Is it that time already?

We had a 5:50 am start today, far too early for breakfast even in a German hotel. So we finished up our packing and got ourselves out of the hotel by 6:20am ready for the short walk over to the Hauptbahnhof where our bus would be waiting for us. We had a very long journey ahead of us. We didn’t realise quite how long.

The bus was due to leave at 7 am, so we had a bit of time available to buy sandwiches and other provisions for the journey and for me to grab a few more Euros cash.

We initially headed off west along the A96, which leads towards the very far western tip of Austria. Our overall plan was to grab quick caches in Austria, Liechtenstein and Switzerland before hitting the “hard miles” up through France and back home. That was the plan, anyway.

We stopped somewhere on the A96 to fill the bus with diesel. Somehow managed to find the only motorway service station on the planet that doesn’t have a cache at it. Hmmm!

Austria

Onwards and upwards. We crossed the Austrian border to the south of Lindau and made our way towards Dornbirn for our first appointment with a cache. The cache in question was Easy Drive In, which we expected to be, well, an easy drive-by cache. It wasn’t. The bus parked up in a bus stop outside some local shops and we all piled off the bus to do a spot of tupperware hunting. In the immediate vicinity (i.e. in places where GZ might feasibly be) there was a small space of scrubland with a big woodpile, someone’s hedge, and the entrance to a driving school. We tried all of them, much to the amusement and bewilderment of several locals.

Eventually, just as we were contemplating moving on before someone called the police, one of our number had the bright idea of going into the driving school to ask. After all, it was called the “Easy Driving School”, so the name was a bit of a giveaway. Inside there was apparently a flicker of recognition and understanding. And then several of our party came out of the school and began to dismantle the nice coffee table on the forecourt. It consisted of a dark glass sheet resting on top of a couple of old tyres. Inside one of the old tyres was a small plastic box…….

Liechtenstein

Our next target was to find one cache, any old cache, in the tiny country of Liechtenstein. It is such a small country though that whoever was up front doing the navigating had quite a job finding the place. I was watching on my GPS with despair as we passed the motorway junction. And then again as we turned around, came back and nearly missed it again. Eventually though, someone spotted a sign with Vaduz written on it in sufficient time for the bus driver to react. For one of only two occasions on the whole trip there was a proper border crossing, with customs officers and armed guards and everything. They didn’t stop us.

Liechtenstein has quite a few caches for such a small place. That fact turned rapidly into comedy as we drove past three or four perfectly good lay-bys that had caches before arriving at our chosen location. Our choice seemed to be in the middle of a major set of roadworks. There wasn’t really anywhere to park a bus. And anyway, GZ seemed to be coming up right where the heavy equipment was working. Hmm! Apparently someone found the cache in question on the previous day.

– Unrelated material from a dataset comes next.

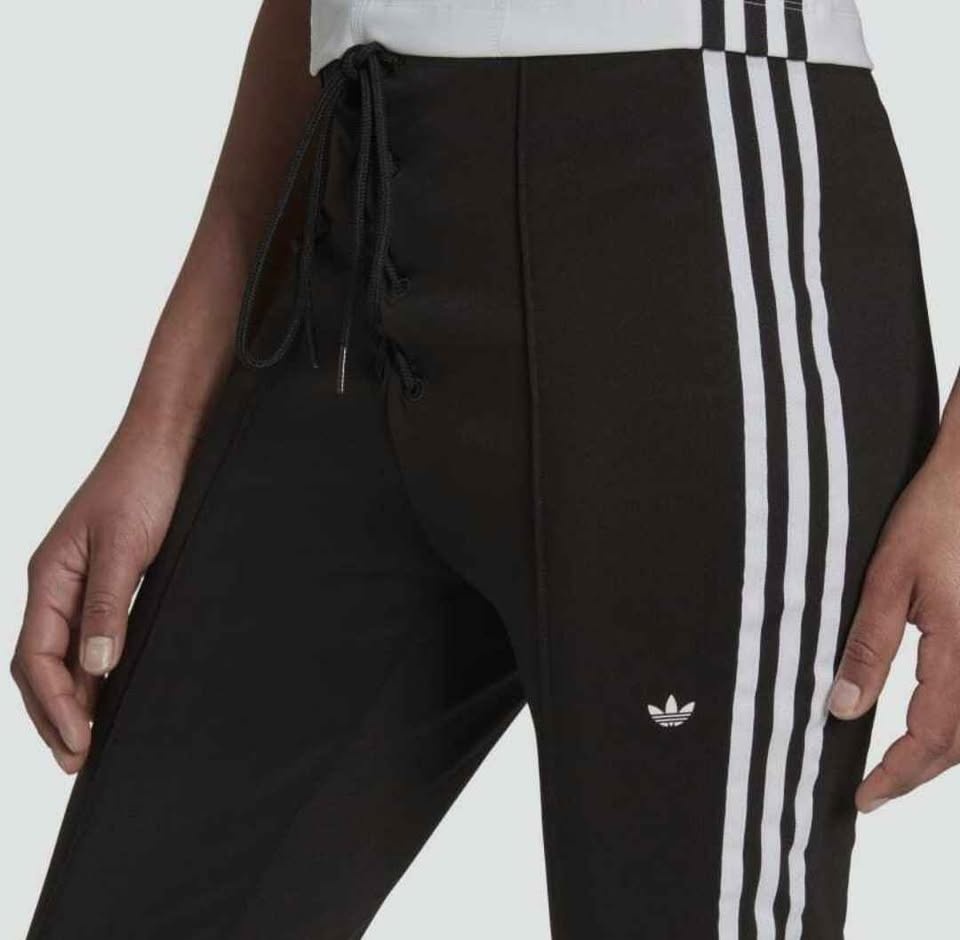 Size S Adidas Corset Lace-up High Waist Black White Leggings - photo 2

After a brief bit of being shouted at and gestured at by an irate workman, we got back on the bus and jacked it in. This isn’t good. We’re tight for time and we need a cache here. So it’s just as well that a couple of us had our phones out and had downloaded most of the local caches before leaving home. We noticed there was a bus station about 3km down the road which appeared to have a cache nearby. Result. A bus-based drive-by. You don’t get many of those to the pound.

Bunter Bushof Schaan was indeed right in the bus station, a quirky and really rather wonderful little bus station. It was also quite easy to find the cache, thankfully.

Switzerland

From here we crossed over into Switzerland. Someone had the bright idea of putting The Sound of Music into the DVD player. So we were driving through some fantastic alpine scenery whilst listening to Julie Andrews and the rest of them yodelling on about lonely goatherds, edelweiss and brown paper packages. It was some kind of surreal torture for me. It was most definitely not one of my favourite things.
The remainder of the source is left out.